Sayn-Wittgenstein v Juan Carlos 1 [2023] EWHC 2478 (KB) (led by Jonathan Caplan KC and Andrew Green KC): claim for harassment brought against the former King of Spain
X v Kuoni [2021] UKSC 34 (led by William Audland KC): a claim brought under the 1992 Package Travel Regulations for sexual assaults committed by a hotel employee in Sri Lanka, which was referred by the Supreme Court to the CJEU for a preliminary ruling on a point of European law.
Alseran & Others v Ministry of Defence [2017] EWHC 3289 (QB) [2018] 3 W.L.R. 95 (led by Richard Hermer KC and Harry Steinberg KC): claims against the MoD brought by Iraqi civilians who allege that they were assaulted and unlawfully detained by UK military personnel during the invasion of Iraq in 2003.

Given her areas of specialism, Nina has particular experience of claims for psychiatric injury and the complex issues of causation that arise.

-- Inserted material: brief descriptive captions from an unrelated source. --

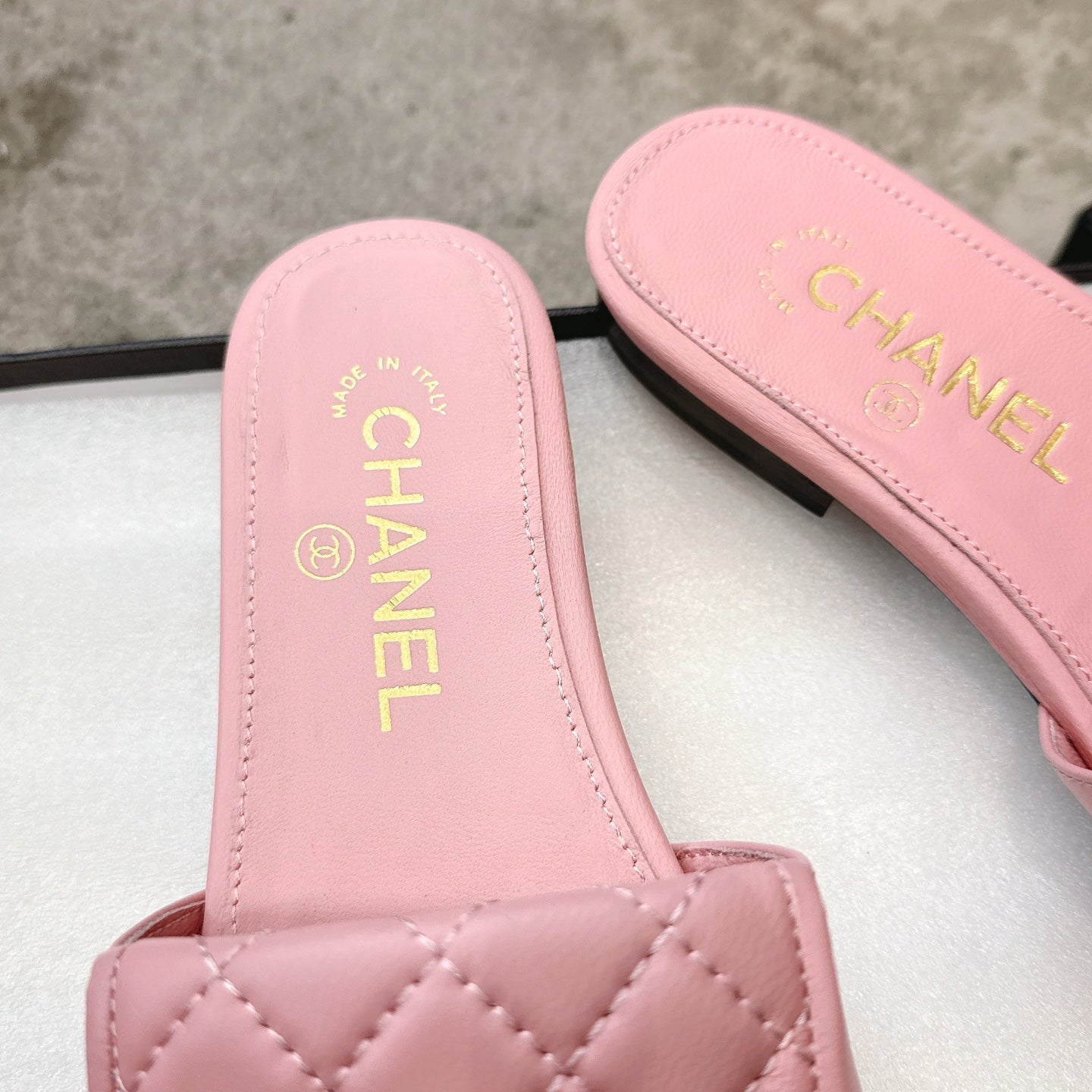 PLATFORM SLIPPERS LOGO IN LIGHT PINK LAMBSKIN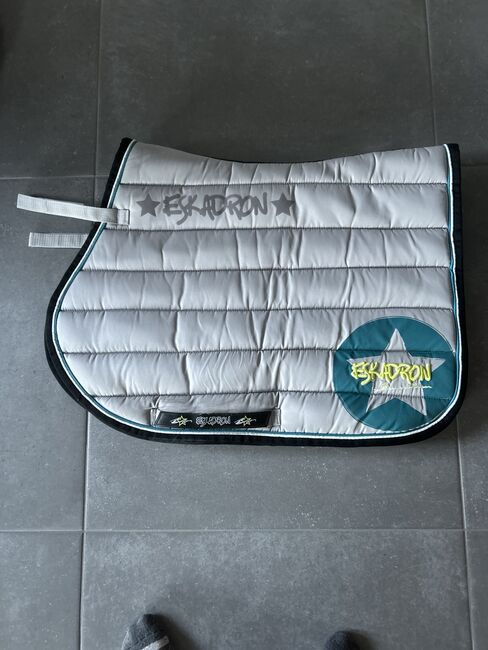 Eskadron Schabracke VS Grau mit Silikon Grip, Eskadron, Lisa, Czapraki, Frickenhausen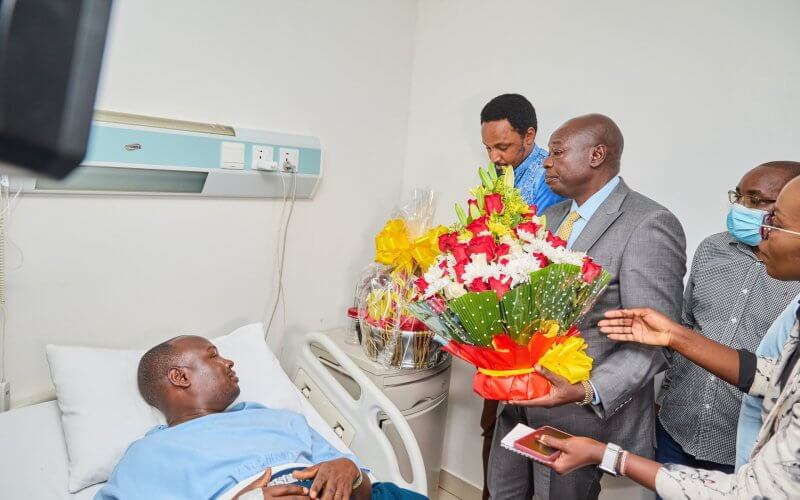 Deputy President Rigathi Gachagua presents flowers to Chief Inspector John Misoi. PHOTO/Rigathi Gachagua/Print 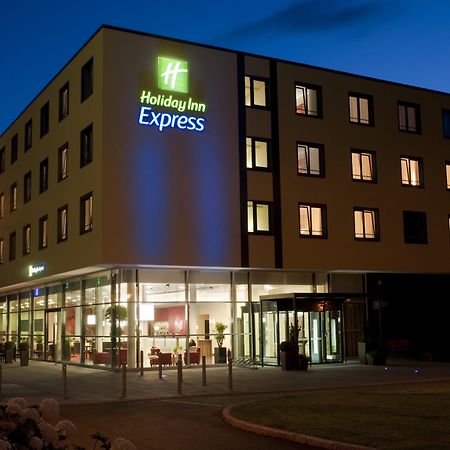 Holiday Inn Express Singen, An Ihg Hotel Exterior photo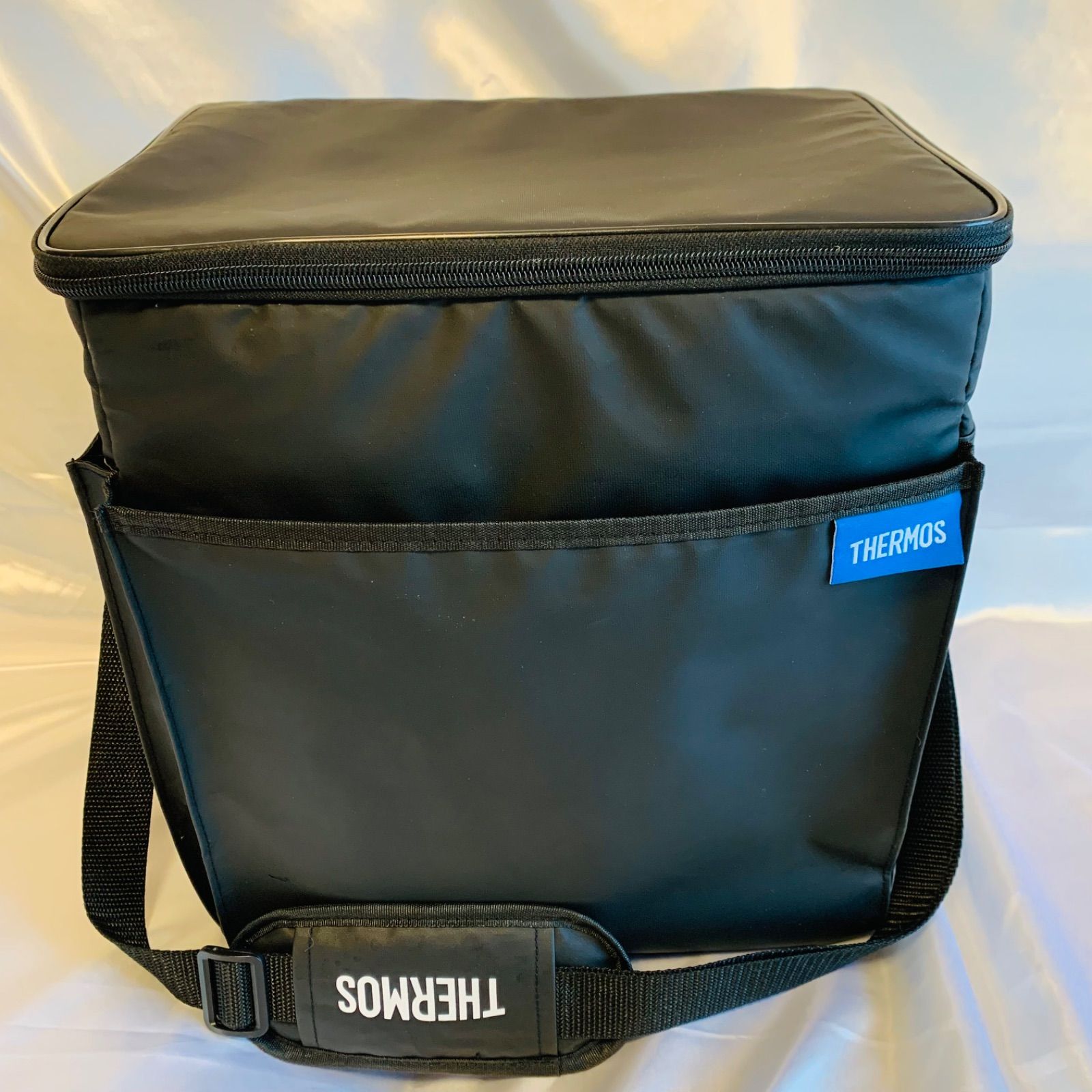 サーモス 保冷バッグ THERMOS ソフトクーラー 20L ブラック REQ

She is an authority on limitation periods and is co-author of Personal Injury Limitation Law, Bloomsbury (2020) which has received excellent reviews: https://www.bloomsburyprofessional.com/uk/personal-injury-limitation-law-9781526508607/

Before coming to the Bar, Nina worked on torture and abuse cases in the international and group claims department of Leigh Day & Co Solicitors; at the International Criminal Tribunal for the former Yugoslavia in the Netherlands; as well as at JUSTICE; Liberty; and the Legal Resources Centre in Durban, South Africa.